A Polícia Judiciária (PJ) anunciou, hoje, que está a investigar mais de 500 incêndios, que deflagraram desde o início do ano, em Portugal. Segundo a PJ, já foram detidos 24 indivíduos suspeitos de fogo posto, dos quais quatro ficaram em prisão preventiva.

“A maioria dos inquéritos diz respeito a casos ocorridos há mês e meio ou dois meses”, revelou, hoje, ao “Jornal de Notícias” o coordenador do Plano de Prevenção e Intervenção da PJ em fogos florestais, Pedro do Carmo.
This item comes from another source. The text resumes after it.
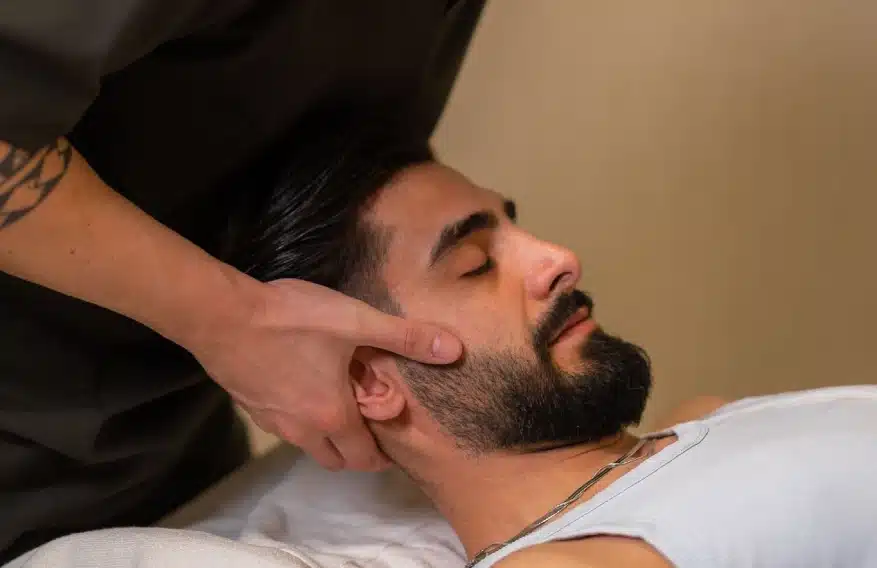 Physiotherapy for Neck Pain: Causes, Treatment and Recovery
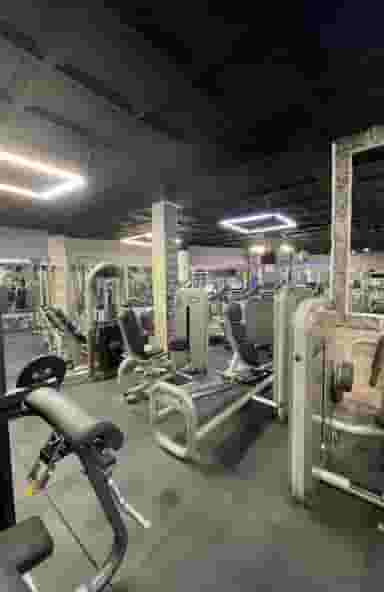 باشگاه بدنسازی وتناسب اندام بانوان سپید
A maioria das investigações incide na zona Norte, ou seja, nos locais onde tem havido maior número de incêndios.

Entretanto, o ministro de Estado e da Administração Interna, António Costa, elogiou a actuação da PJ. “Tem sido um trabalho muito bom que a PJ tem vindo a realizar, e é importante que prossiga”, afirmou o ministro à Agência Lusa, no decorrer de uma visita ao Centro de Meios Aéreos de Vidago.

António Costa realçou que muitos incêndios ocorrem porque as pessoas infringem a lei quando lançam foguetes, trabalham no campo em dias de risco ou fazem churrascos. “São esses comportamentos negligentes que estão na origem da maioria dos fogos em Portugal. Por isso é necessário, mais uma vez, apelar a todos para que, sobretudo nestes dias de grande calor, evitemos esses comportamentos de risco”, frisou.

Portugal ajuda Espanha

No âmbito de um acordo de cooperação transfronteiriço entre Portugal e Espanha, o ministro anunciou que 76 bombeiros e militares da GNR, que contam com o apoio de 20 viaturas, já se encontram na Galiza a combater os incêndios que têm assolado o país vizinho.

“Não podemos dar uma ajuda maior do que aquela que foi possível disponibilizar, porque também o nosso país vive, neste momento, uma situação de risco”, sublinhou.

A porta-voz do Serviço Nacional de Bombeiros e Protecção Civil assumiu, hoje, que Portugal não pediu ajuda à Comissão Europeia para combater os incêndios, porque ainda não precisou.

Chamas apagadas em Valongo

O incêndio que deflagrou segunda-feira em Valongo, no concelho do Porto, foi ontem dominado às 21h, por 259 homens e 84 viaturas. As chamas ameaçaram, uma vez mais, zonas residenciais, mas segundo fonte dos Bombeiros Voluntários de Valongo “a situação está completamente normalizada”.